Boeing Q1 Deliveries Sag Amid Max Grounding
Total 737 deliveries for the quarter fell by 43 airplanes.

Boeing delivered eighty-nine 737s during the first quarter of the year compared with the 132 it shipped a year earlier, as the company halted shipments of 737 Max narrowbodies in mid-March due to a worldwide grounding of the model following two fatal crashes in less than five months. Commercial airplane deliveries for the quarter fell from 184 last year to 149, including thirty-six 787s, ten 777s, twelve 767s, and two 747s.

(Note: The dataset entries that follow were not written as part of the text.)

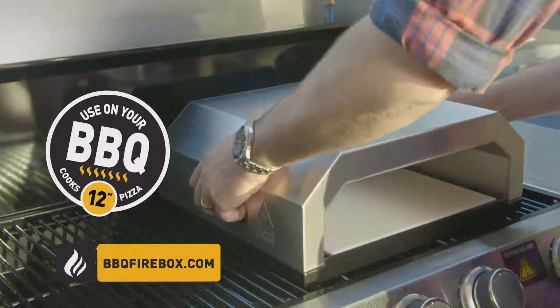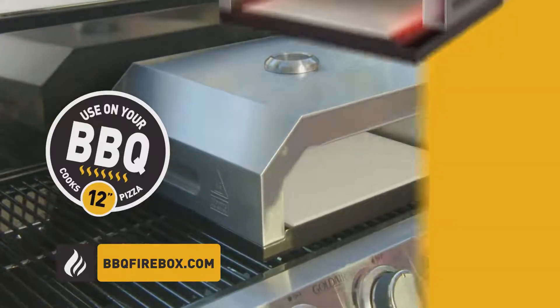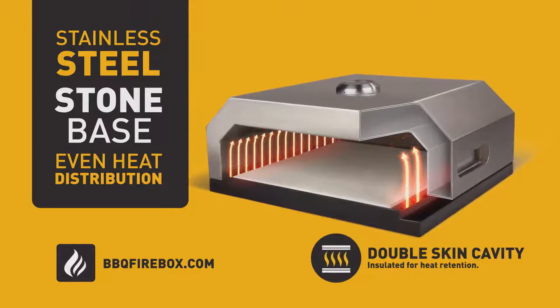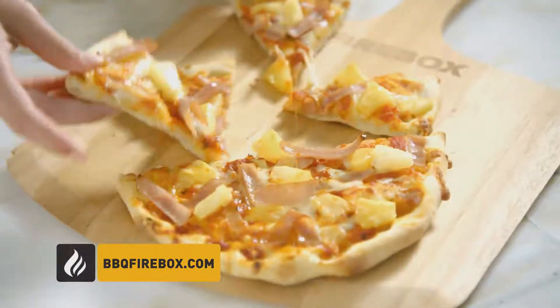Firebox instantly transforms your BBQ into a gourmet pizza oven. Its stainless steel housing and thick stone base capture heat and distribute it evenly, delivering perfectly cooked pizza every time.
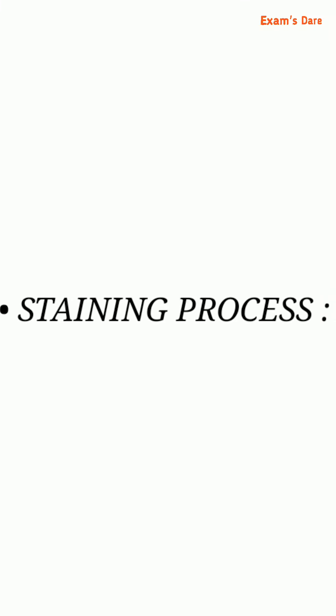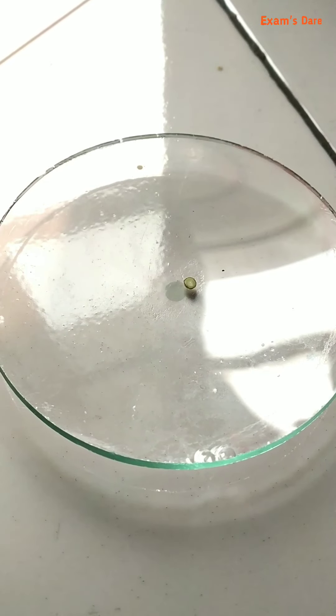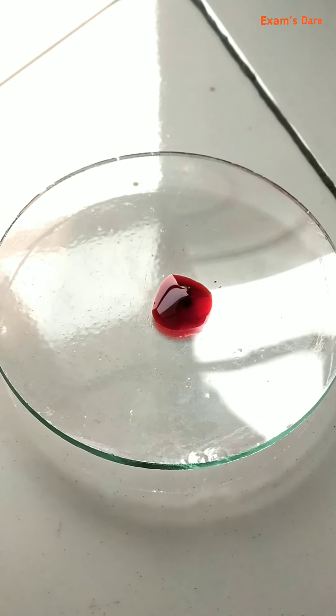Now the section is ready for staining. The next process is staining — safranin dye is used for staining. Take the section in a clean watch glass and add the staining solution to it. Keep for two to three minutes.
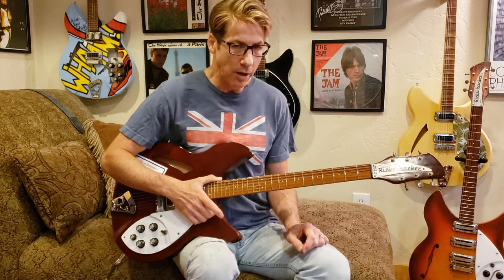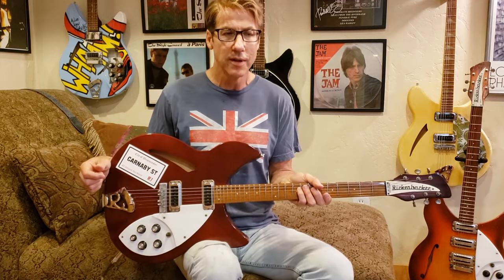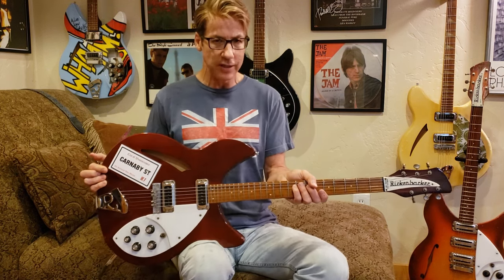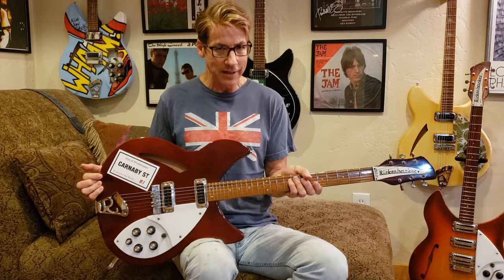The first thing I begin with is this Rickenbacker 330 — or some of the others that I've got — because this is the kind of guitar that Weller used for probably 95% of the Jam's music. This particular model is a 1980 burgundy glow. Weller had, I think, a '76 burgundy glow 330, so this one's a few years younger, but pretty much what he played is what I've got sitting here on my lap this morning.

Boeing said it does not reveal delivery expectations for any single quarter or month, but a spokesman acknowledged that the Max grounding “did in fact have an impact.” Nearly half of last year's 580 deliveries of 737s involved the new Max family, suggesting that plans called for first quarter 2019 Max deliveries to significantly exceed those of the 737NG.


Net orders, meanwhile, fell to 95 aircraft in the first quarter from 180 during the same period last year. The company’s 2018 order book showed net sales of 893 airplanes, including 203 in December alone. 


The 737 Max achieved a sales milestone last December, surpassing 5,000 net orders with 181 new sales during the month. For all of 2018, the 737 program logged 675 net orders.


In an effort to address ever-lengthening lead times for 737s, Boeing had planned to increase narrowbody delivery rates from 52 per month to 57 by mid-year. On April 5, however, it announced plans to lower output to 42 by the middle of this month due to the grounding.